Plädoyer eines «Alten» für uns «Alte»
Ein Kollege machte mich auf den Beitrag von Klaus Stöhlker (84), deutsch-schweizerischer PR-Berater, Publizist, Unternehmer und Autor, vom 4. Juli 2025 auf Inside Paradeplatz-online aufmerksam. Es ist das Plädoyer eines «Alten» für uns «Alte». Alte Männer und Frauen, die noch geistig beweglich und auch sonst körperlich fit sind, bilden die grosse, stille Reserve für unser Land. Ihm ist aufgefallen, mit welcher Verbissenheit die jüngeren Mitglieder der Gesellschaft auf ihre Vorgänger, die noch lebenden «Alten», einhacken. Viele alte Männer verstummen deshalb, sei es, dass sie eine Diskussion mit den nachwachsenden Generationen als wenig fruchtbar empfinden, weil sie dort kein Gehör mehr finden oder sie den Unterschied zwischen ihrer Welt und der Welt der Jungen zu gross finden.

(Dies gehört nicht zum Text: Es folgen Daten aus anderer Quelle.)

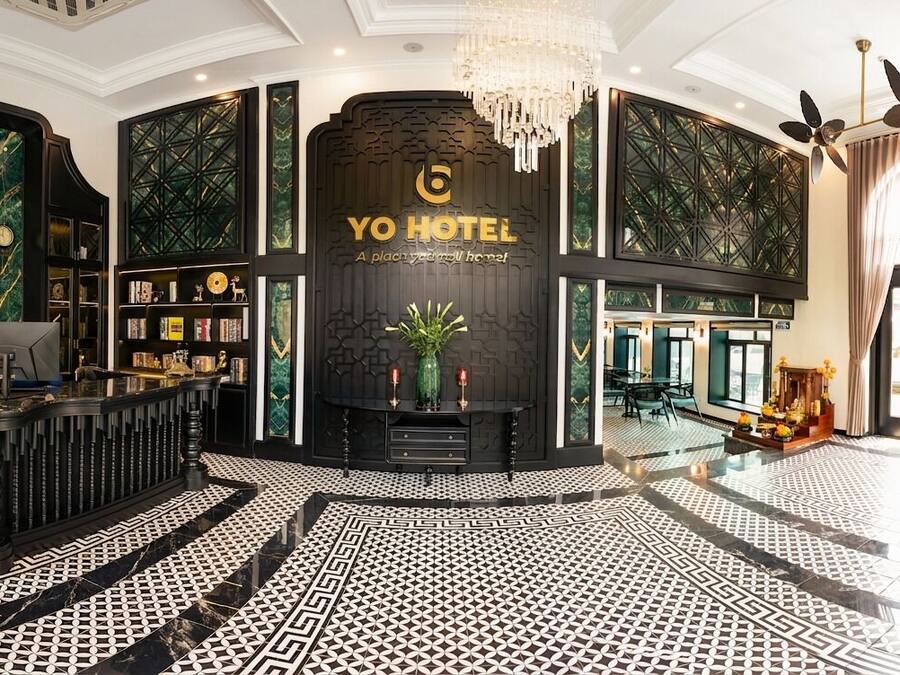 Eine Lobby mit einer Rezeption, einer großen Uhr und einem Schild mit der Aufschrift 'YO HOTEL'.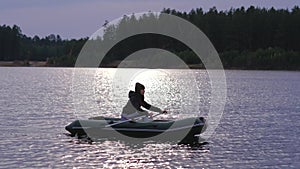 A woman floated on a rubber boat on a large lake in beautiful autumn forest.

Verlassen die «Jungen» die ausgetretenen Schuhe von uns «Alten»?
Weil Politiker und Unternehmer aber mehr denn je nach den «Alten» rufen, die jenseits der Pensionierungsgrenze noch anpacken möchten, vergönnt sich Stöhlker ein Lob auf die «Alten», die dem Land über die AHV-Grenze hinaus dienen. Aber nicht nur die «Jungen», auch die Frauen hat der alte weisse Mann gegen sich, hält er doch jene Positionen in Politik, Wirtschaft und Gesellschaft besetzt, die es einzunehmen gilt. Der wohl mächtigste Mann der Welt, der amerikanische Präsident Donald Trump, ist gerade 79 Jahre alt geworden. Er setzte sich in den Wahlen klar gegen die 60-jährige Kamala Harris durch. Dazu ein aktueller Einschub meinerseits: «Was wir von Donald Trump lernen können – auch hier in der Schweiz», schreibt Michael Hermann (53), Politikwissenschafter, im Gastkommentar der NZZ vom 12. Juli 2025. Weiter mit Klaus Stöhlker: In der Schweiz, wo die eingeborene Bevölkerung in mehr als 12 Kantonen durch Todesfälle und mangels eigener Geburten laufend sinkt, müssen vielerorts wir «Alten» in die Ställe, in die Montagehallen und in die Redaktionsstuben einrücken, denn unsere Erfahrung ist Gold wert. Stöhlker präsentiert eine Auswahl von «Alten» schweizer Unternehmerpersönlichkeiten und stellt die rhetorische Frage ob bei uns die «Jugend», wie alt sie immer sein mag, Kraft genug hat, die ausgetretenen Schuhe ihrer Vorgänger zu verlassen. Diese Jugend ist nur so viel wert, wie sie in der Lage ist, Neues zu schaffen. Ob unser Nachwuchs jemals ein neues Silicon Valley in der Schweiz aufbauen wird, ist bisher nicht erwiesen. Bei allem Verständnis für den Hunger der Jungen nach Neuem, mögen sie es aber bitte vermeiden, uns «Alte», dabei aufzufressen.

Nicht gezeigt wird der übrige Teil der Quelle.